**EXERCISE AIM:** Set down exact lines only, from the line with "O70GZC Minnesota License Plate" through the last line of the material below, with every picture left out.

COLLECTED DATA Start Marker

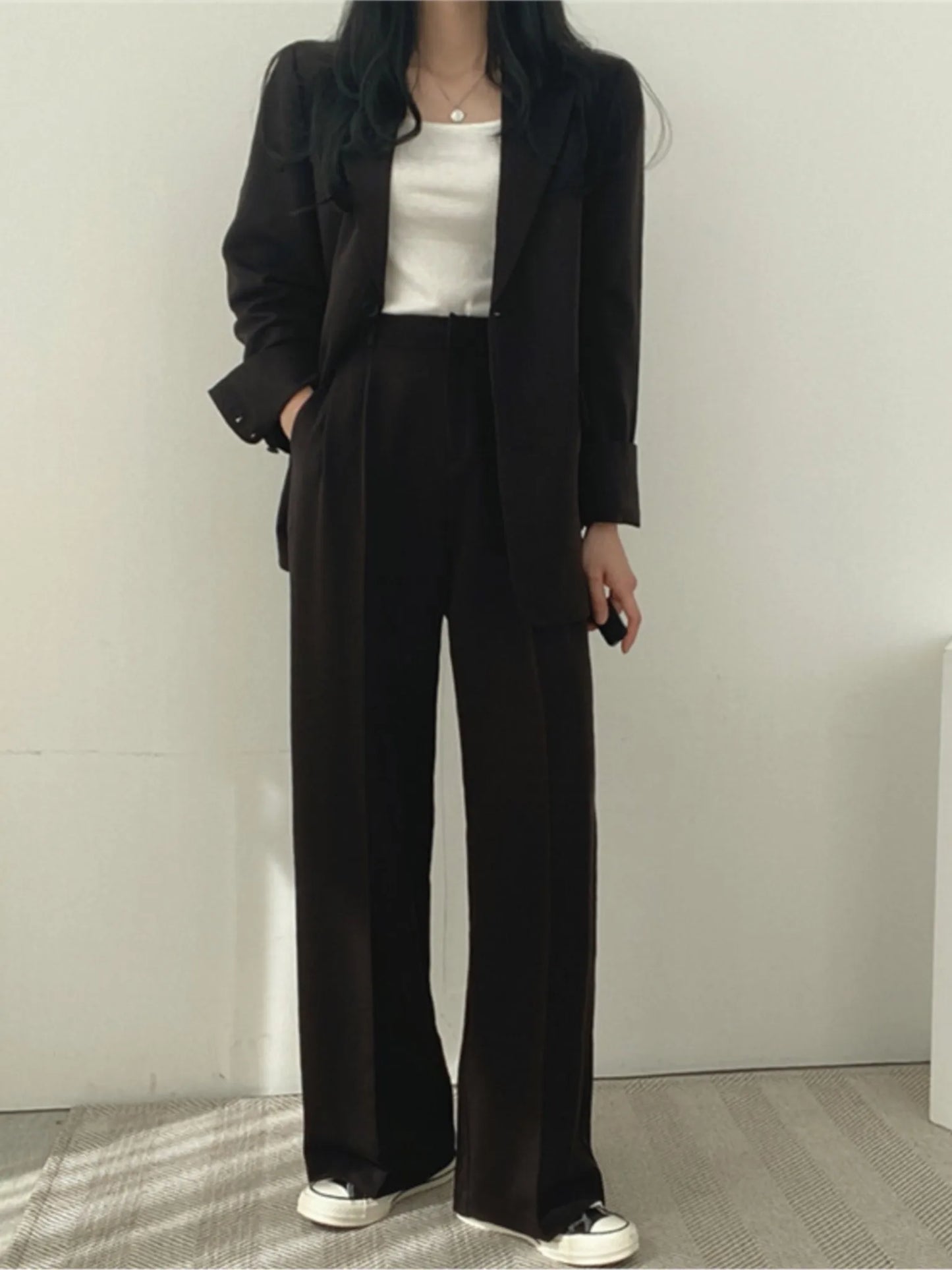 Korean Office Lady Fashion Blazer Suit Women's Two-Piece Set Casual Button Jacket Wide Leg Pants Outfits Work Clothes Autumn New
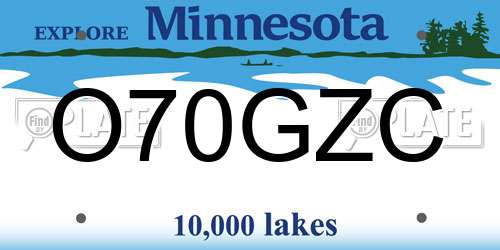 O70GZC Minnesota License Plate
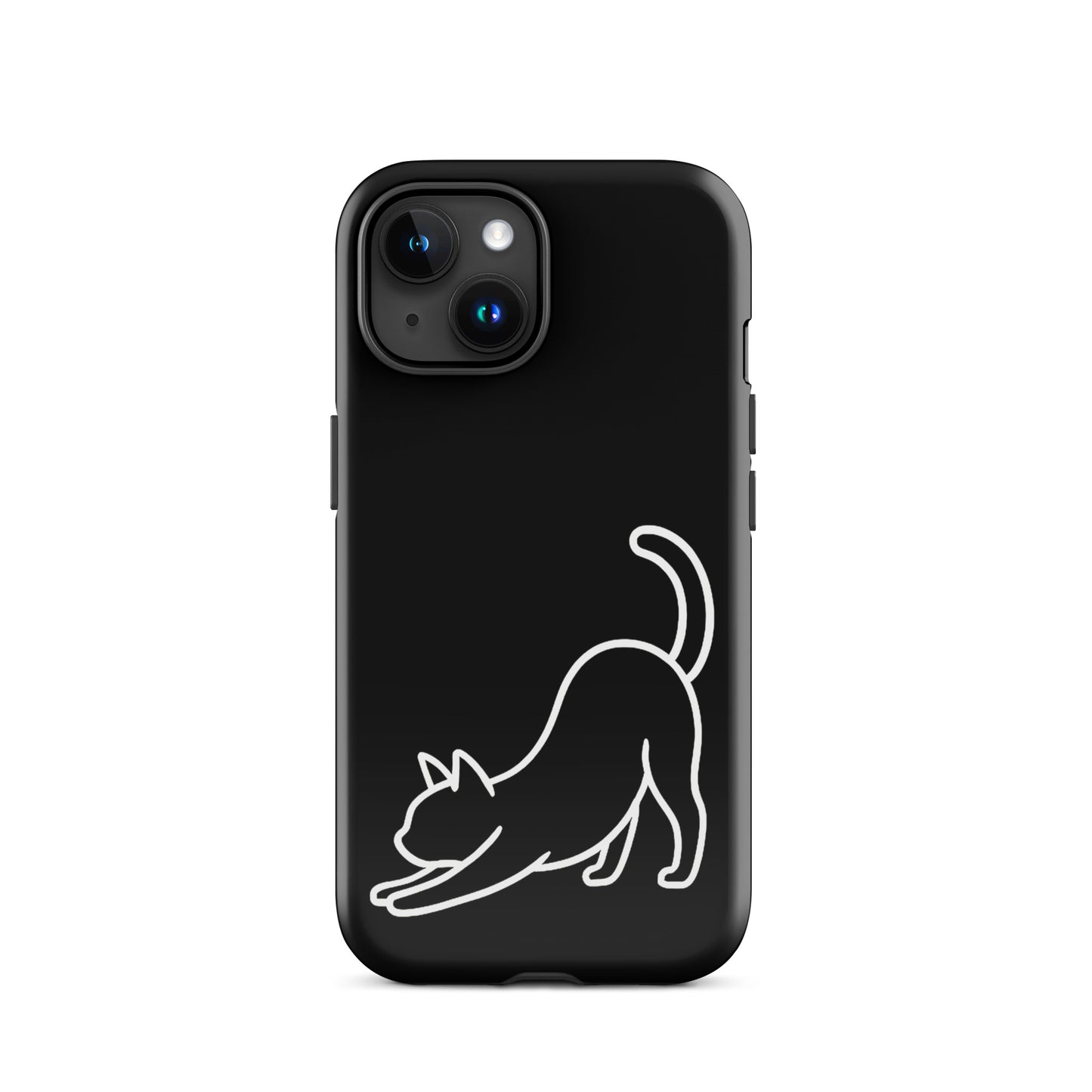 Phone Case featuring a minimalist stretching cat design on a sleek black background for stylish protection.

COLLECTED DATA End Marker

**RESULT FOR THIS TASK:**
 O70GZC Minnesota License Plate
 Phone Case featuring a minimalist stretching cat design on a sleek black background for stylish protection.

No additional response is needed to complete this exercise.